I know just how devastating grief can be and during my thirteen years of conducting Humanist funerals, I see that in other people in some way most days.

I hope that my nearest and dearest won’t suffer the loss of me for a few years yet and meanwhile I will continue to make the most of every day with family and friends – hopefully creating a catalogue of memories for them to look back on in the future.

On mortality

To try to understand my own mortality I must look back at my life and look forward to my death. Mortality meaning the fact that I am subject to death, I am not immortal. In my mind I wish to dispute this solid truth. Although I am old, I try not to be old.

My death will be defined by my life; the life I have lived. On balance, without false modesty, I believe that I have been more positive rather than negative. I have experienced great successes and acknowledge dismal failures. Such has been my life’s pattern. I was an unwanted child but I am privileged to have known great love for forty years, from my wife who departed some years ago. In my life, I have touched people, influenced them or given cause for reflection. Those whom I have inspired or taught and, in more recent years perhaps, those whom I have married and the loved ones of those whose funerals I have conducted. I will have left behind some monuments, things that I have made or written, that will outlive me. Eventually, these also will fade away. So, what is this life of mine? I want to say that I have done my best to be a useful contributor to the kaleidoscope of events and philosophies that have surrounded me and, I suppose, none of us can ask for more than that.

I have no fear of death but great concern about the manner of my dying. I might come to the point where I am a burden on others or am stripped by disease of my dignity. If I see that coming I shall slip, quietly, away.

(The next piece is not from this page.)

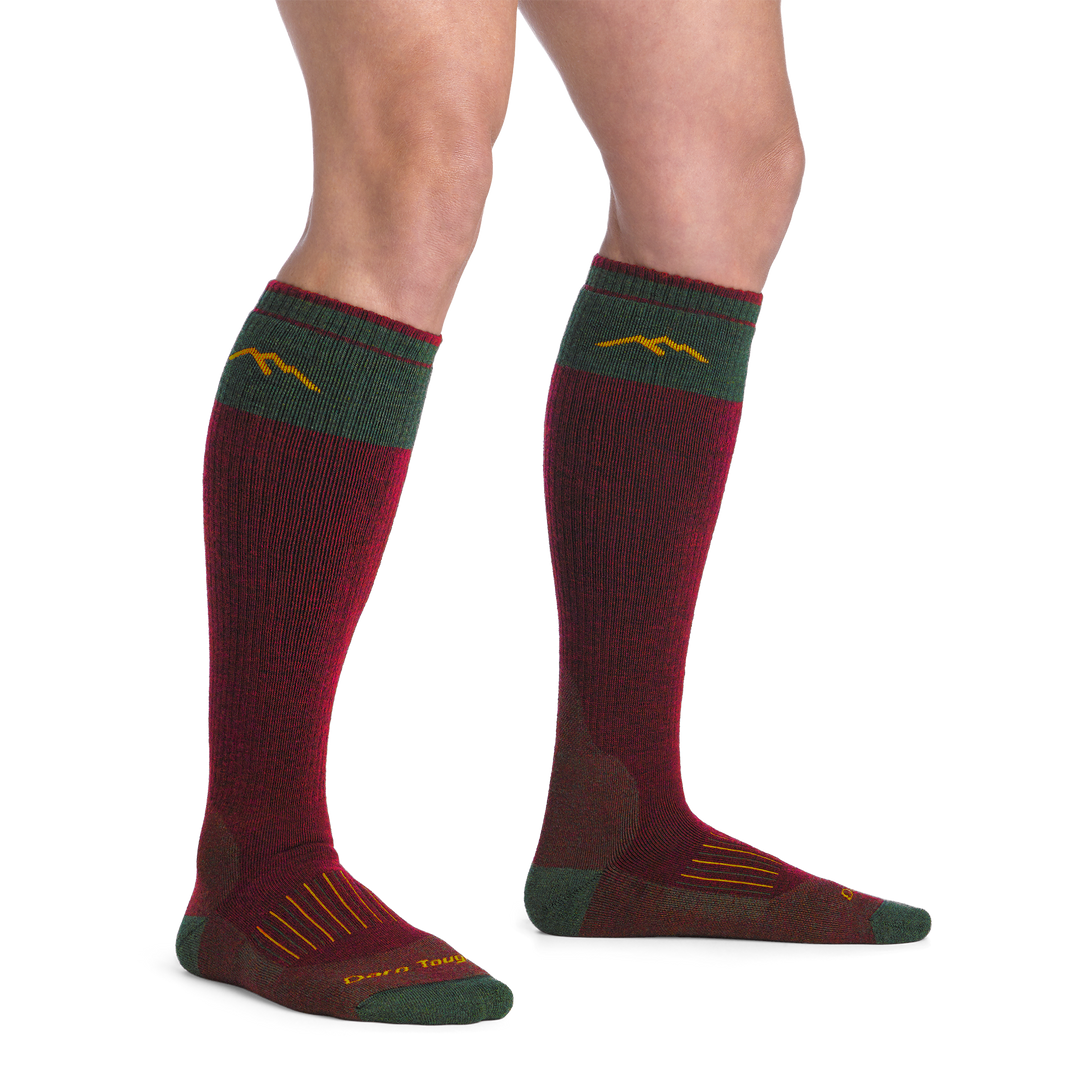 on model image bare foot wearing the 2105 hunting over the calf sock in ember colorway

Dying, death and being dead. I’m perfectly at ease with all three – in fact, I rather look forward to them, whenever and however they come. We’re certain these things will happen, and if we’re lucky we have plenty of time to prepare for them.

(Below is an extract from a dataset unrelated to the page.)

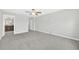 Bedroom with gray carpet, ceiling fan and neutral paint, and bathroom access at 1028 Oliveto Verdi Ct, Brandon, FL 33511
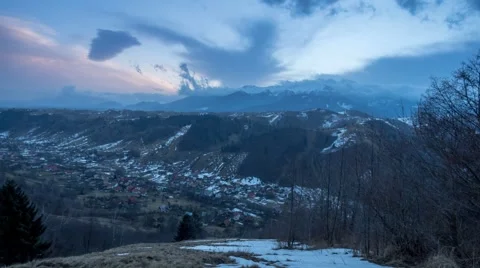 Bucegi Mountains between clouds anf fog in a cold winter morning Stock Footage 46332500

Dying is about coming to terms with the end of life. It’s a process, not an event – an opportunity to reflect on one’s achievements and impact, mistakes and oversights. It’s a time to leave nothing unsaid.

Death is about letting go – that moment of sweet surrender when you allow the inevitable to take over and relax into unconsciousness, like that delicious point between exhaustion and a much-needed sleep. Buddhist thought holds that suffering comes from struggle, and death comes when you allow both to end.

Being dead is simply about physically being no more. Everything you were persists and all that you’ve done remains, but your body has moved on for recycling. It’s exactly as things were before you were born, but the world and the people you love and who love you have had the benefit of your being. Whether life lasts minutes, days, years or decades makes no difference to the universe: you have been.

This is how I view my mortality. Life and death come as an inseparable package deal, and each of these elements play an essential part. I accept them, value them and embrace them for the essential experiences they are.

Some talk about or believe in a life after death. And of course they’re right: the stuff we’re made of has been around since the beginning of time, and will be until its end. I just think of the joyous chance and good luck that for a brief, wonderful blink of time, some of those molecules were assembled into me.